Die Herausforderung ist, das Osterfeuer zu bewachen, damit es die ganze Nacht nicht ausgeht
„Leben und Tod gehören zusammen“, sagt Dekan Rainer Köpf. Daher befänden sich Friedhöfe traditionell mitten im Ort, um die Kirche herum. Jeder Grabstein sei ein Zeichen der Hoffnung, ein Hinweis darauf, dass der Stein am Ostermorgen von dem Felsengrab, in dem Jesus lag, weggerollt wurde und Jesus seinen Nachfolgern versprochen hat: „Ich lebe und ihr sollt auch leben.“ Jeder Sonntag sei als der Auferstehungstag ein kleines Osterfest.
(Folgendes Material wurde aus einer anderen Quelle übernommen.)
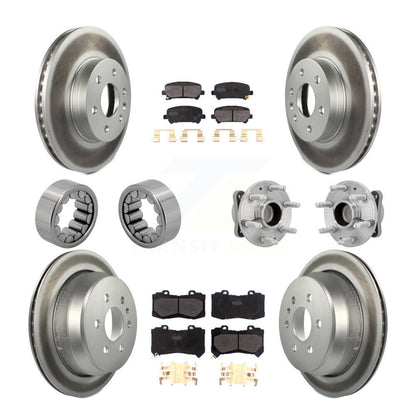 Kit de chaussures de plaquettes de Rotor de frein enduites de roulement de moyeu avant et arrière (10 pièces) pour Chevrolet GM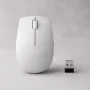 Langaton kompakti hiiri Lenovo Compact Mouse paristolla – molempikätinen, 1000 DPI, HF-Wireless, 3 painiketta, harmaa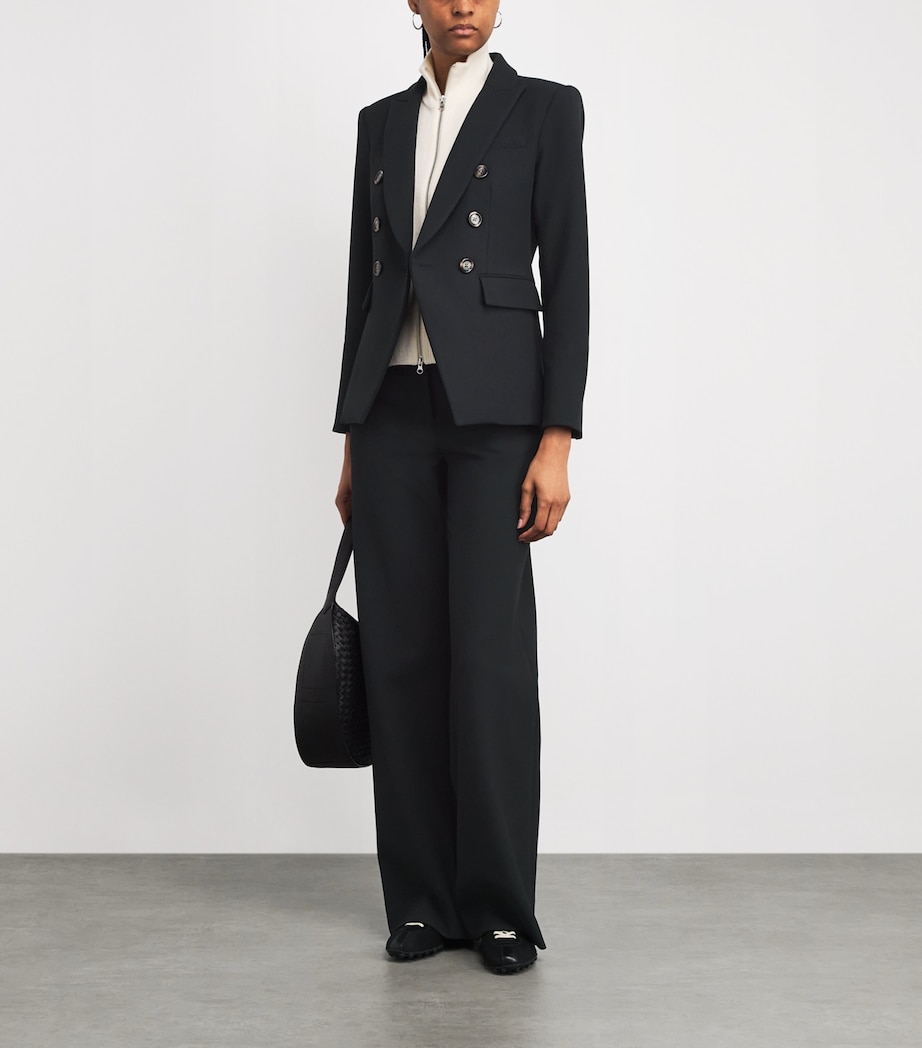 Tonelli Wide-Leg Trousers B0002 BLACK Image 2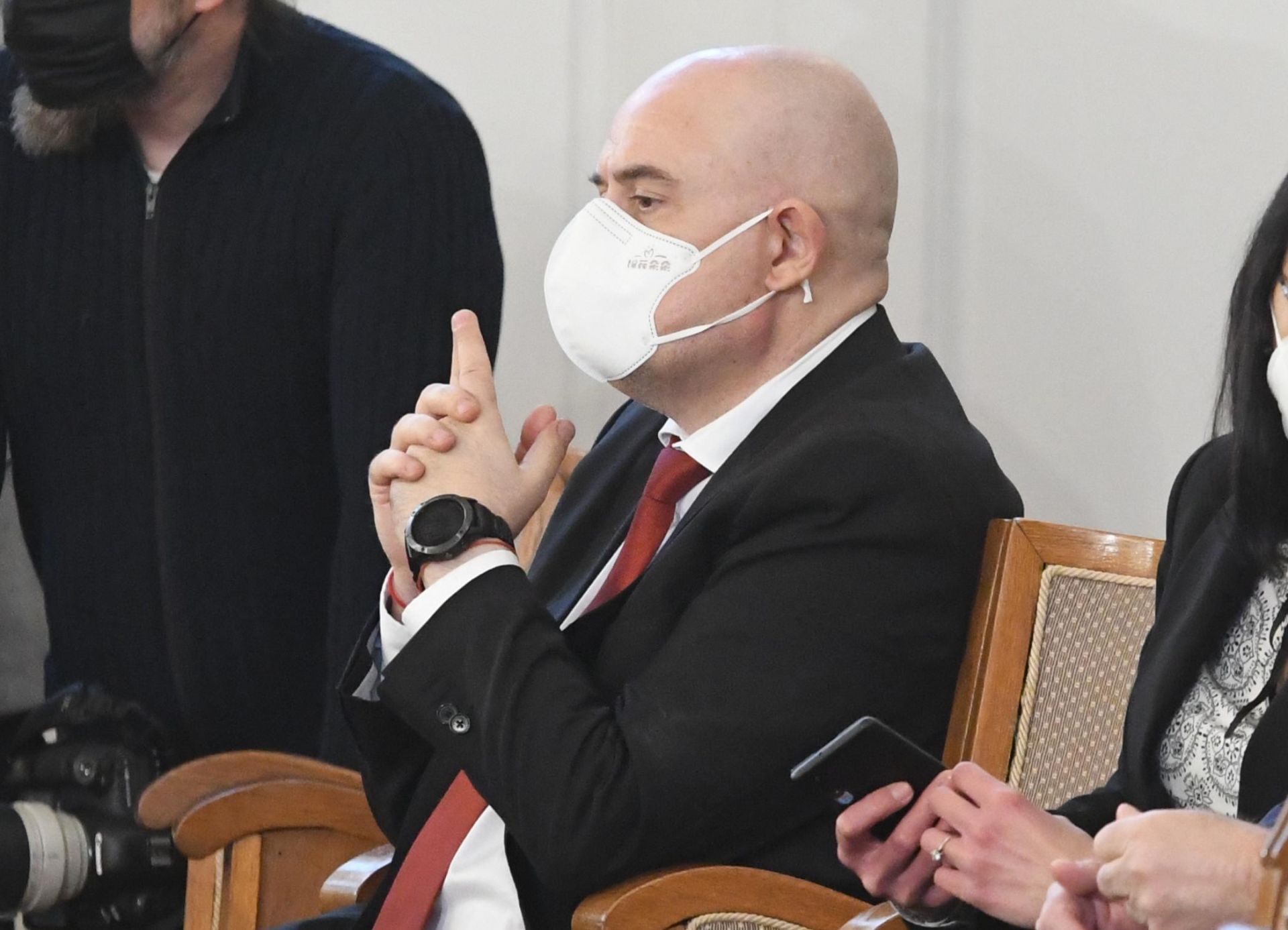 Главният прокурор Иван Гешев наблюдава избора на правителство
Vor etwa 30 Jahren hat Köpf die frühchristliche Tradition der Osternacht in seiner damaligen Gemeinde wieder aufleben lassen – zur selben Zeit, als auch in Steinbach damit begonnen wurde. Dass er dieses Jahr nicht beteiligt ist, bedauert er etwas – die Auferstehungsfeier auf dem Backnanger Stadtfriedhof, die er leitet, beginnt erst um 8 Uhr.
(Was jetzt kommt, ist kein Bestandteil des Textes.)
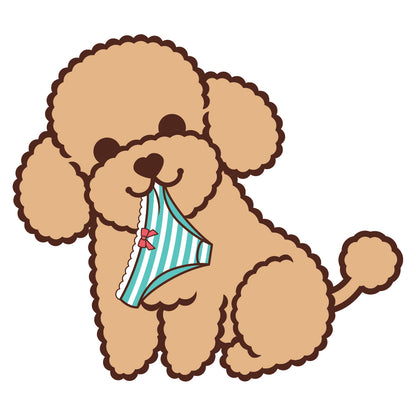 Poodle Stickers-Panties 貴婦狗貼紙-偷底褲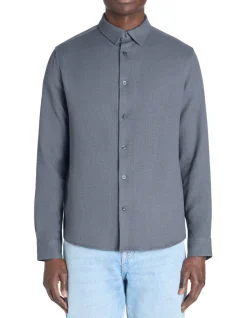Celio Chemise regular fil chinés slubbés 100% coton -^Homme Chemises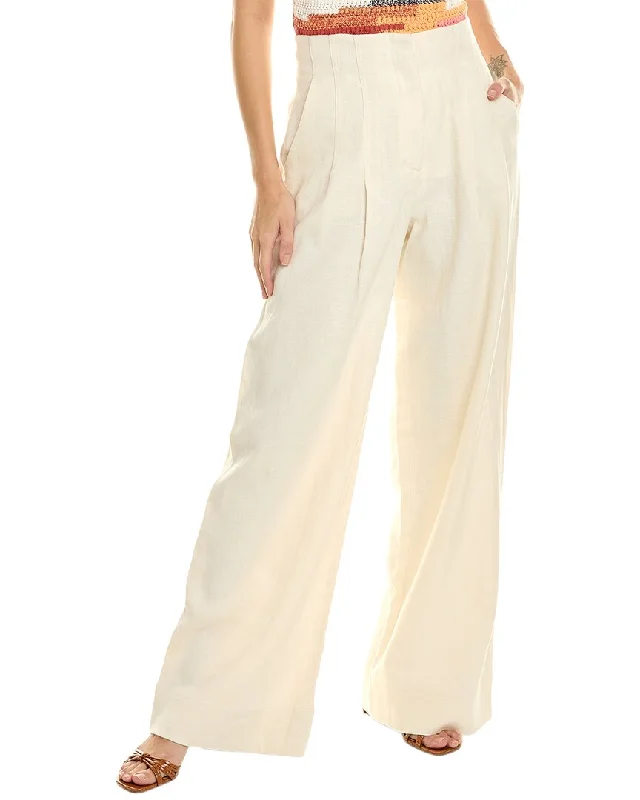 A.L.C. Bennett Linen-Blend Pant Compression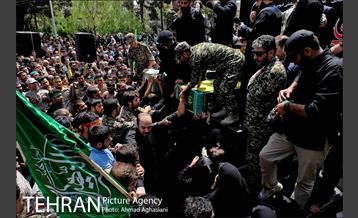 تشییع پیکر ۳تن از شهدای مدافع حرم 28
Dafür dürfen sein Pfarrkollege an der Stiftskirche, Thorsten Volz, und das Mitarbeiterteam der Jugendosternacht zusammen mit vielen Konfis, Pfadfindern und Trainees die Nacht durchmachen, die bereits am Karsamstag um 20 Uhr beginnt. Vor dem Gemeindehaus im Heininger Weg wird in einer Feuerschale das Osterfeuer entzündet. Die Herausforderung ist, dieses zu bewachen, damit es die ganze Nacht nicht ausgeht. Die Symbolik dahinter: mit Jesus in dessen schwersten Stunden auszuharren. Gemeinsam daran Osterlämmer und Stockbrot zu backen und weitere erlebnispädagogische Elemente wie ein Tischfußballturnier sowie geistliche Impulse prägen diese besondere Nacht.
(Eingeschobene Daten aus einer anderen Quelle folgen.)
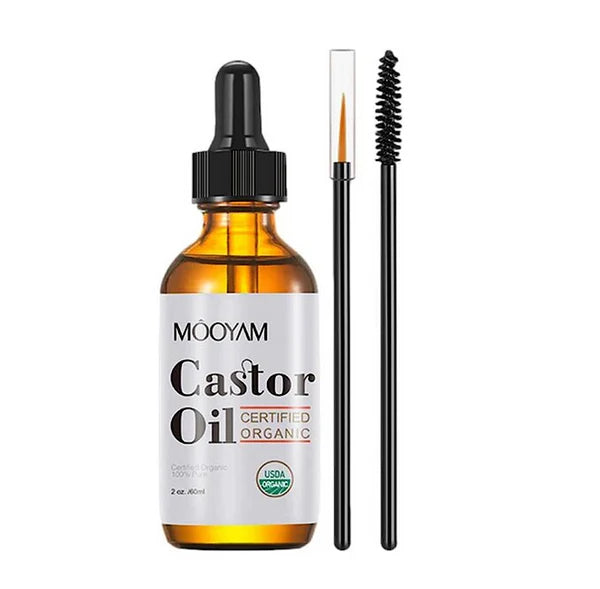 MOOYAM 100%CASTOR OIL ANTI HAIR LOSS AND EYEBROW/LASHES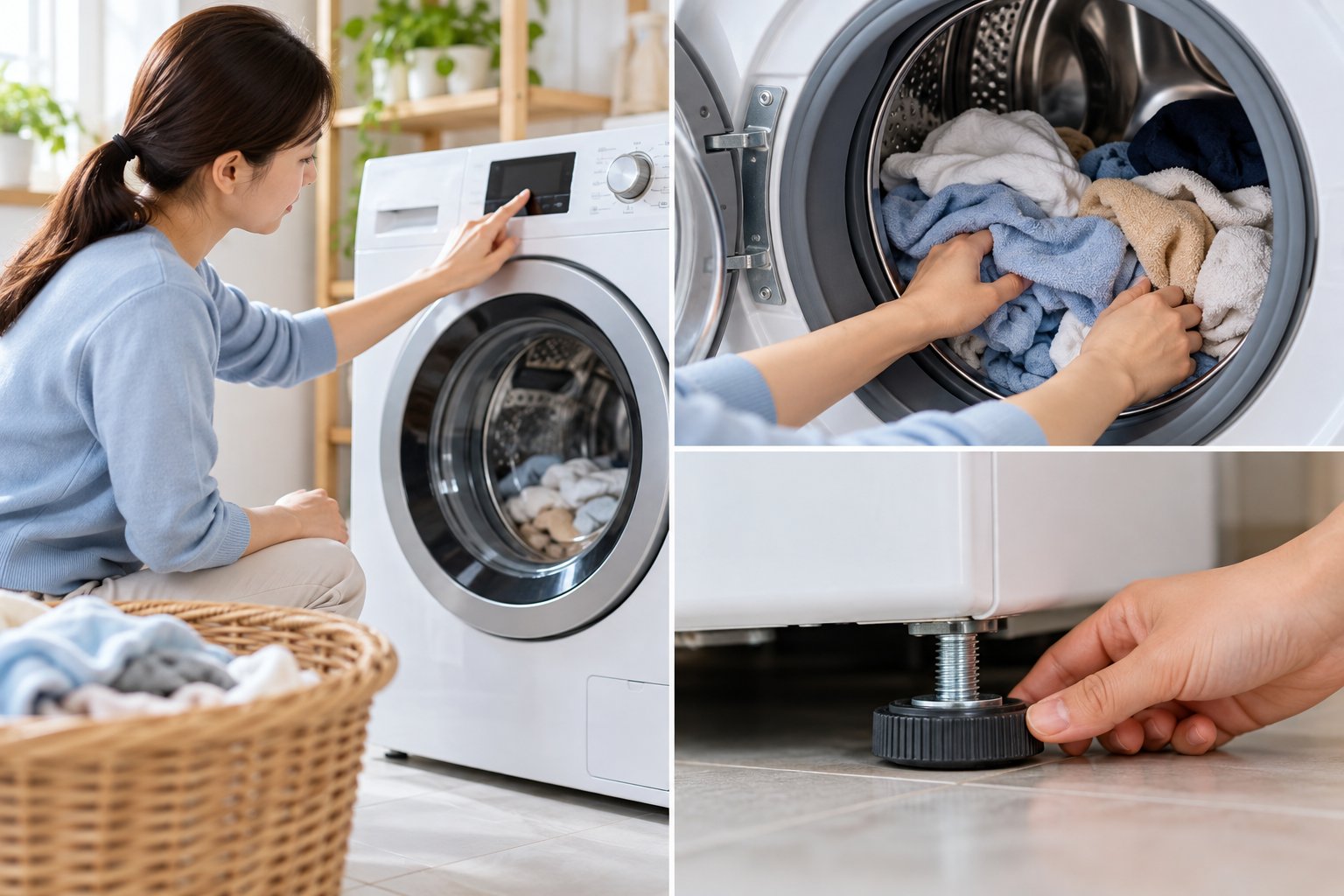 Ảnh minh hoạ: Máy giặt báo lỗi mất cân bằng: Cách xử lý an toàn
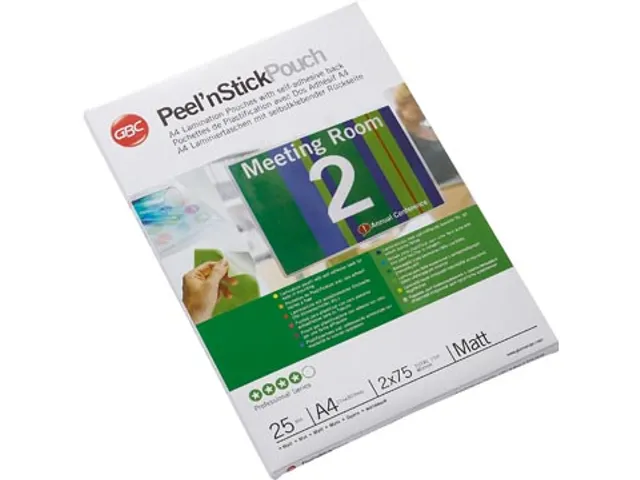 Peel'n Stick lamineerhoes A4 150 micron mat 25 stuks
Zu dem liturgisch gestalteten Osternachtsgottesdienst um 6 Uhr, in dem Konfirmanden das Abendmahl austeilen dürfen, wird das Feuer vor die Stiftskirche gebracht und das Osterlicht daran entzündet. Dann ziehen alle in die noch völlig dunkle Kirche ein. Das Licht bricht an, wenn die Osterkerze hereingetragen wird, mit ihr die Altarkerzen angezündet werden und dann das Licht durch die ganze Kirche zu jedem Einzelnen kommt. Währenddessen singt Bezirkskantor Hans-Joachim Renz das „Exsultet“, „den längsten und schönsten Gesang der großen Osterliturgie“, wie Volz berichtet. Wenn alle Lichter an sind und die ersten Sonnenstrahlen durch das Ostfenster dringen, wird das Osterevangelium gelesen, man ruft einander zu: „Der Herr ist auferstanden“ – „Er ist wahrhaftig auferstanden“ und die Glocken, die am Karfreitag schweigen mussten, erklingen nun nach langem wieder mit vollem Geläut.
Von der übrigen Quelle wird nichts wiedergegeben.